Nuove abitudini di consumo, e-commerce e riduzione nell’uso delle plastiche hanno fatto crescere la domanda. «Questo spiega solo in parte, però, il boom dei rincari», secondo Fulvio De Iuliis, presidente Gruppo Carta, Cartone, Cartotecnica, Grafica e Stampa di Confindustria Salerno
Aumenti considerevoli anche per la carta, con conseguenze pesanti per tutta la filiera. Cosa sta succedendo e cosa, in un più lungo periodo, potrebbe accadere?
C’è una domanda preliminare che da mesi ormai gravita intorno la questione dell’aumento dei prezzi: se esso sia dovuto a inflazione o a fenomeni speculativi. Il dilemma shakespeariano al momento è senza una chiara risposta. Stiamo assistendo impotenti alla crescita dei prezzi delle principali commodity, innalzamento che di certo non risparmia neanche il comparto delle fibre riciclate e vergini. La quotazione della cellulosa è schizzata alle stelle, non si riesce a reperire kraft liner per produrre scatole e in questi mesi abbiamo registrato l’incremento più alto e repentino del prezzo della carta da riciclare della storia degli ultimi decenni (+350% da Febbraio 2020 a Febbraio 2021 e il trend continua).

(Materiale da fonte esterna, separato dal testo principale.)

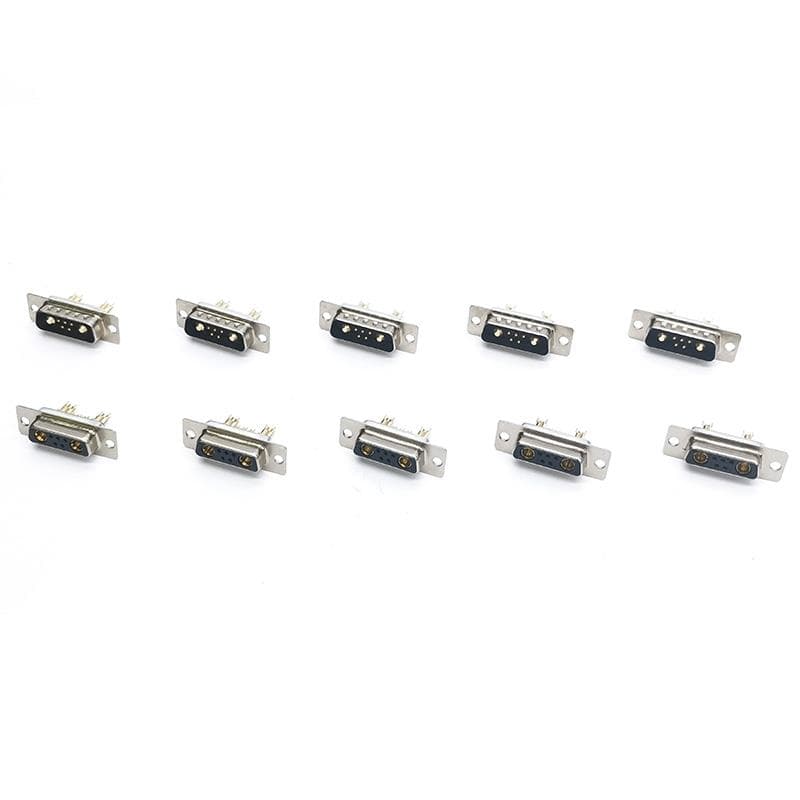 D-SUB Stecker 7 Pin für Cecotec Outsider/Bongo Serie A - 5M/5F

Ma dove finisce la carta da riciclare?
La domanda di carta, in particolare quella per ondulatori, è molto elevata. Nuove abitudini di consumo, l’e-commerce e la riduzione nell’uso delle plastiche hanno fatto crescere la domanda, ma questo spiega solo in parte il boom dei rincari della carta e del cartone ondulato. La Cina non importa più direttamente carta da riciclare, ma lo fa tramite impianti produttivi dislocati in altri paesi. In aggiunta altri paesi asiatici stanno attirando fonti di materiale dall’America e dal Vecchio Continente, complice la ripresa della Cina già da diversi mesi fuori dalla pandemia. Chi beneficia di questo momento storico? Attualmente i conti tornano solo per la parte a monte della filiera, ossia raccolta e selezione della carta da macero. Gli altri attori della filiera, ossia le cartiere e i trasformatori, spesso con contratti a prezzi bloccati, non riescono a trasferire interamente gli aumenti subiti sul prezzo di vendita bruciando i loro margini nonostante un periodo di domanda “attiva”.